Given information ▸
═══

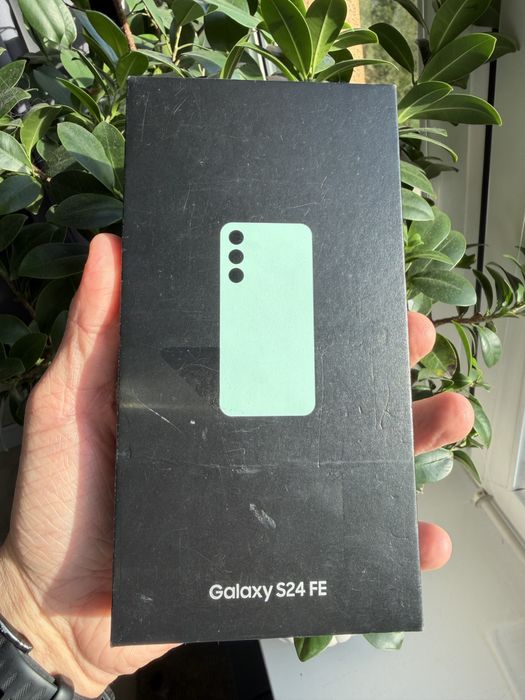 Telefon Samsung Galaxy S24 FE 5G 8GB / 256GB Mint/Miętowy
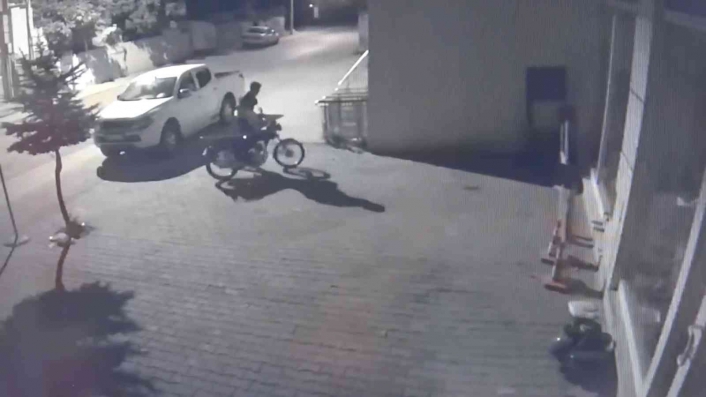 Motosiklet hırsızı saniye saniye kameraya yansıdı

═══

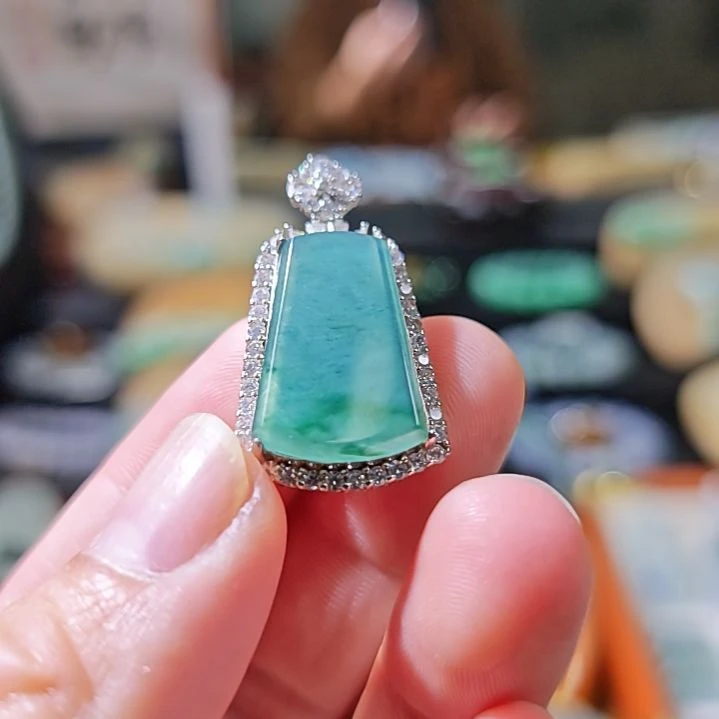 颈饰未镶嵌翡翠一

═══

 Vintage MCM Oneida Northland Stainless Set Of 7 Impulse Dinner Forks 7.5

═══

Task to carry out ▸ Above are the records; return the lines in them from the one with "Telefon Samsung Galaxy" to the one with "Motosiklet hırsızı saniye", inclusive, exactly and without images.

Written response ▸
 Telefon Samsung Galaxy S24 FE 5G 8GB / 256GB Mint/Miętowy
 Motosiklet hırsızı saniye saniye kameraya yansıdı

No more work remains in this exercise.